In Beyond the Rink, Alexandra Giancarlo, Janice Forsyth, and Braden Te Hiwi collaborate with three surviving team members—Kelly Bull, Chris Cromarty, and David Wesley—to share the complex legacy behind the 1951 tour photos. This book reveals the complicated role of sports in residential school histories, commemorating the team’s stellar hockey record and athletic prowess while exposing important truths about “Canada’s Game” and how it shaped ideas about the nation. By considering their past, these Survivors imagine a better way forward not just for themselves, their families, and their communities, but for Canada as a whole.
Alexandra Giancarlo is a settler scholar and an Assistant Professor in the Faculty of Kinesiology at the University of Calgary, where she applies her broad social sciences training to socio-cultural studies of sport and physical activity. The bulk of her work comprises community-engaged research with residential school survivors and their families.
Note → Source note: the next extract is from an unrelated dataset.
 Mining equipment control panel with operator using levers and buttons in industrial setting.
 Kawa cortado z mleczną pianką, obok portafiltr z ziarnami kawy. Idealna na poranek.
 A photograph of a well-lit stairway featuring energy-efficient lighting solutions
Janice Forsyth, member of the Fisher River Cree Nation, is a Professor of Indigenous Land-Based Physical Culture and Wellness in the Faculty of Education, School of Kinesiology, at the University of British Columbia. She is the author of Reclaiming Tom Longboat: Indigenous Self-Determination in Canadian Sport (2020).
Braden Te Hiwi is from Ngāti Tūkorehe and Ngāti Kauwhata, which are two communities from Te-Ika-a-Māui in Aotearoa (New Zealand). Currently he supports Māori language revitalization in Aotearoa and has previously published in the areas of Indigenous health, physical activity, and history in Canada.